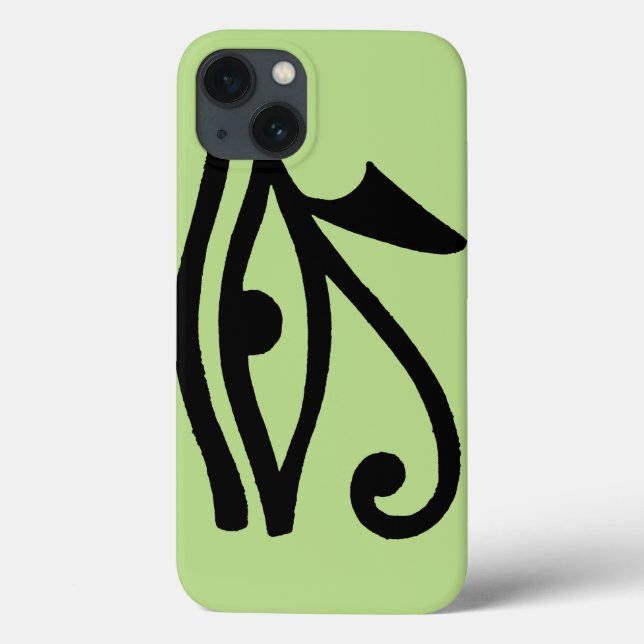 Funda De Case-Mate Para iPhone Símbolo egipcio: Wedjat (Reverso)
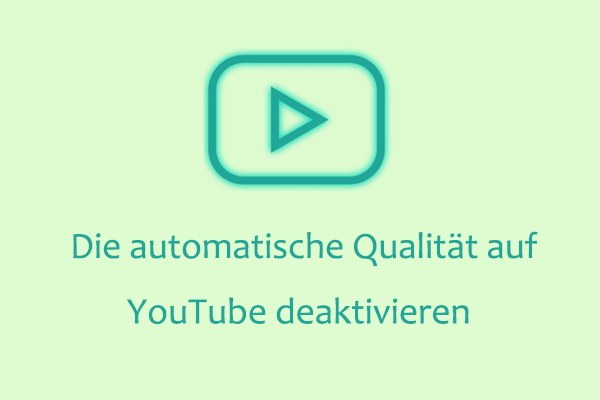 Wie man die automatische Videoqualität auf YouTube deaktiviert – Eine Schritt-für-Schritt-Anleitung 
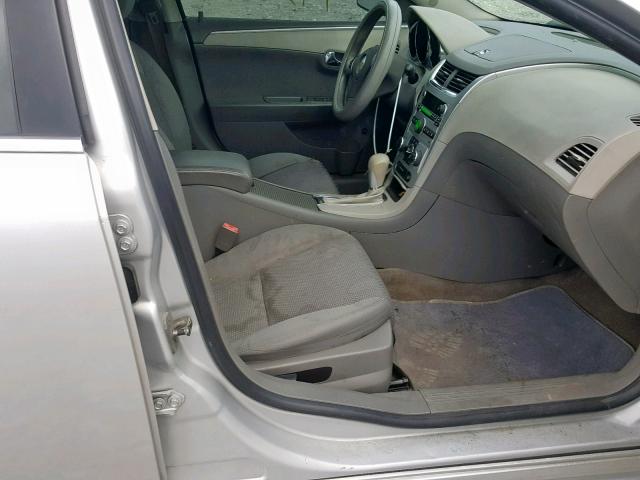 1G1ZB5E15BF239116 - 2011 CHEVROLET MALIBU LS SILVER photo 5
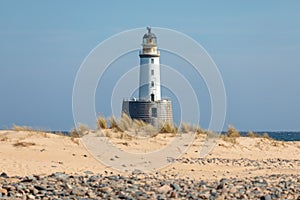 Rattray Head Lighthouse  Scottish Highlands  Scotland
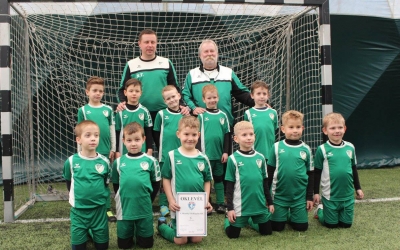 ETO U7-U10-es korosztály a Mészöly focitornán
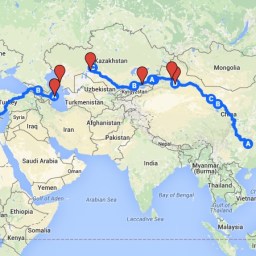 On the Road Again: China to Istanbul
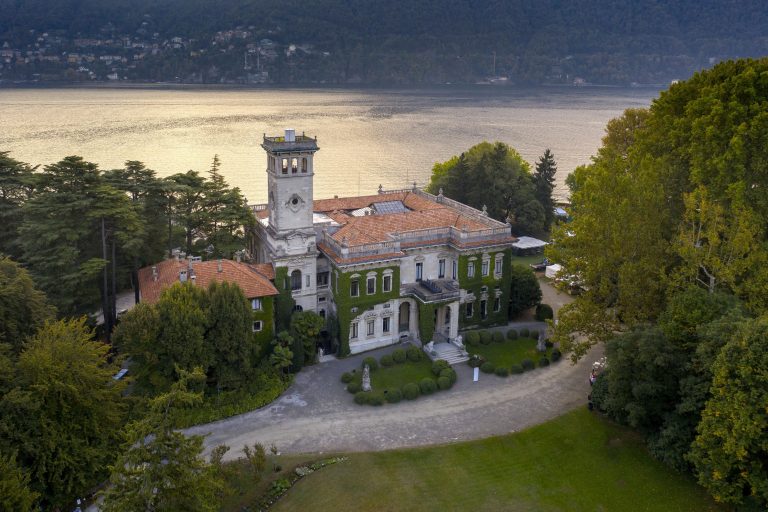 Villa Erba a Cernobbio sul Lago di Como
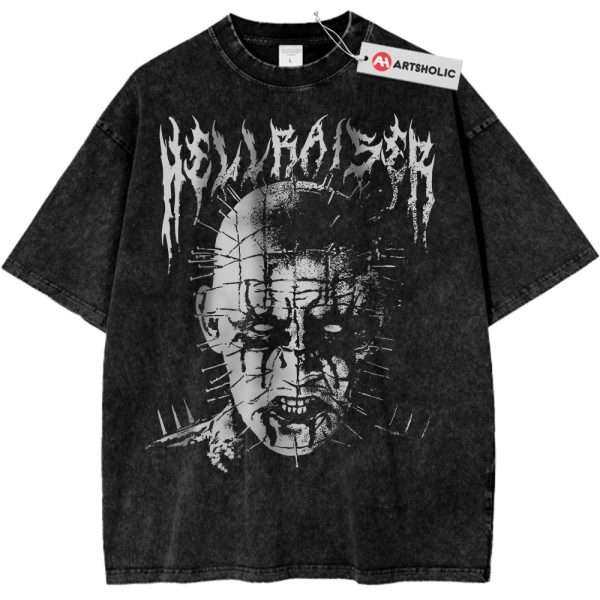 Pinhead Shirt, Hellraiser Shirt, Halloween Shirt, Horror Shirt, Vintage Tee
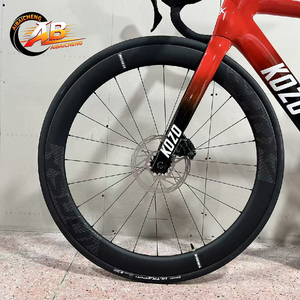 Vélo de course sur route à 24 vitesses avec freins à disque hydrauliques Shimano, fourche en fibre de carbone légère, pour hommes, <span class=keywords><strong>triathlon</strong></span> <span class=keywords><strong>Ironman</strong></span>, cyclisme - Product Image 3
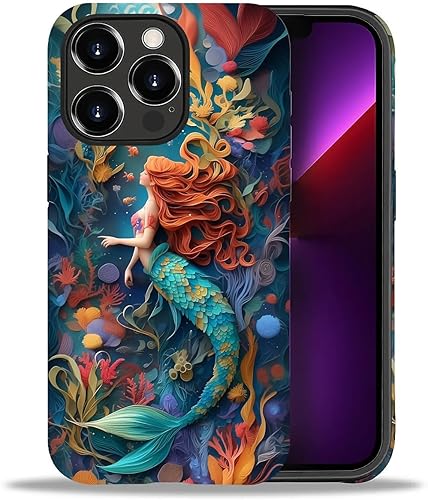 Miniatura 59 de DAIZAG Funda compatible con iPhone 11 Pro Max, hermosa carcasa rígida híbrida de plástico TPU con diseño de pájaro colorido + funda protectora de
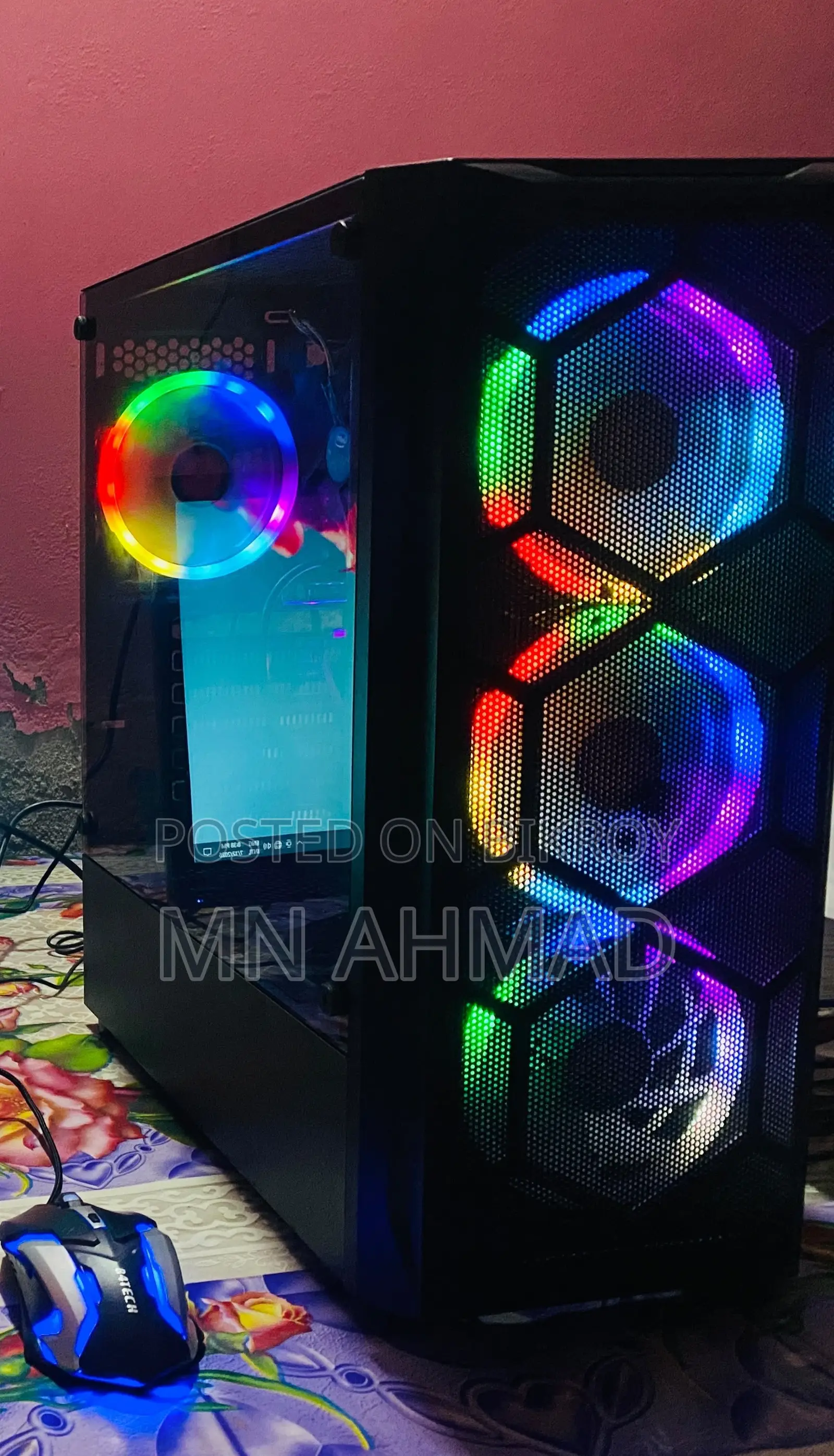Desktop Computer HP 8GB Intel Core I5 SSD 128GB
════════
**Task goal**
Give again, word for word, only the lines that run from the top of the data above through the line with "Vélo de course". Drop the pictures.

**Answer box**
 Funda De Case-Mate Para iPhone Símbolo egipcio: Wedjat (Reverso)
 Wie man die automatische Videoqualität auf YouTube deaktiviert – Eine Schritt-für-Schritt-Anleitung 
 1G1ZB5E15BF239116 - 2011 CHEVROLET MALIBU LS SILVER photo 5
 Rattray Head Lighthouse  Scottish Highlands  Scotland
 ETO U7-U10-es korosztály a Mészöly focitornán
 On the Road Again: China to Istanbul
 Villa Erba a Cernobbio sul Lago di Como
 Pinhead Shirt, Hellraiser Shirt, Halloween Shirt, Horror Shirt, Vintage Tee
 Vélo de course sur route à 24 vitesses avec freins à disque hydrauliques Shimano, fourche en fibre de carbone légère, pour hommes, <span class=keywords><strong>triathlon</strong></span> <span class=keywords><strong>Ironman</strong></span>, cyclisme - Product Image 3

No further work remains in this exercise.